Systemic Failure: SHA’s Collapse Hits Kenyans Hard
In many hospitals, patients presenting SHA cards or registered under SHA policies are being told to pay first—no exceptions. Meanwhile:
- Outstanding debts owed by SHA and the defunct National Hospital Insurance Fund (NHIF) to hospitals have ballooned into the tens of billions of shillings, crippling operations. Hospitals are reported to owe suppliers and staff wages but cannot stretch credit any longer.
- The Rural & Urban Private Hospitals Association (RUPHA) has issued a formal directive that its member hospitals will start treating all patients—unless otherwise noted—on a cash basis. SHA card coverage is being suspended.
- Key outpatient services, once promised to be covered under SHA, are now missing or only partially covered.

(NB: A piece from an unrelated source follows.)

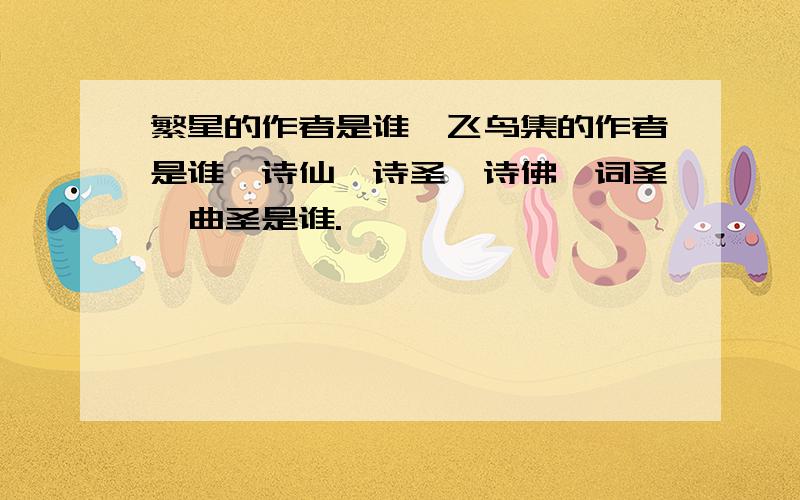 繁星的作者是谁,飞鸟集的作者是谁,诗仙,诗圣,诗佛,词圣,曲圣是谁.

Patients are being charged for basic lab tests, consultation fees, and even emergency obstetric care.
Heartbreaking Cases, Rising Desperation
Across regions, stories are emerging that illustrate the human cost:
- A pregnant woman with a high-risk condition was denied admission in Kiambu because the hospital suspended SHA services—and she could not raise the cash required for a scan.
- Chronic illness patients, including those needing dialysis or cancer treatment, are finding next to no options unless they pay large sums up front.
- Hospitals, once reliant on SHA/NHIF reimbursements, now operate on razor-thin margins. Some facilities report having served fewer patients per day than usual. Others have cut down non-emergency services or shut down entirely because of lack of cash flow.
Who’s Responsible — And What Went Wrong
At the center of the crisis is the transition from NHIF to SHA—a policy reform meant to broaden healthcare coverage. Key failures include:
- Delayed payments to health facilities under SHA. Claims submitted months ago remain unsettled. Hospitals say some SHA liabilities have gone unaddressed.
- Outpatient services and other essential health service benefits budgeted in SHA packages are reportedly underfunded or misaligned, making many promises ineffective in practice.
- Private and faith-based hospitals are being burdened with financial risk—they are providing services without reimbursement and cannot sustain operations indefinitely without cash inflows.
The Political Fallout, Health Risks & Urgent Questions
What was meant to be Kenya’s bold leap toward Universal Health Coverage is now becoming a politicized liability.
- Civil servants who faithfully remit SHA contributions say they’re betrayed if the scheme does not protect them.
- Public confidence in government promises is eroding; healthcare is being perceived no longer as a right but as a commodity.
- Health experts warn of mounting risks: untreated infections, maternal deaths, worsening of chronic disease, and long-term damage from neglect.
What Must Be Done — And Soon
- Clear timeline for SHA and NHIF to settle all outstanding debts to private, faith-based, and public facilities.
- Restore outpatient care benefits fully and ensure promised services are delivered without cash pre-payment for those covered.
- Transparent communication to the public: what is covered, what is not; what the timelines are; what patients should do.
- Oversight and accountability for health administrators who delay or deny claims, and those who mismanage resources.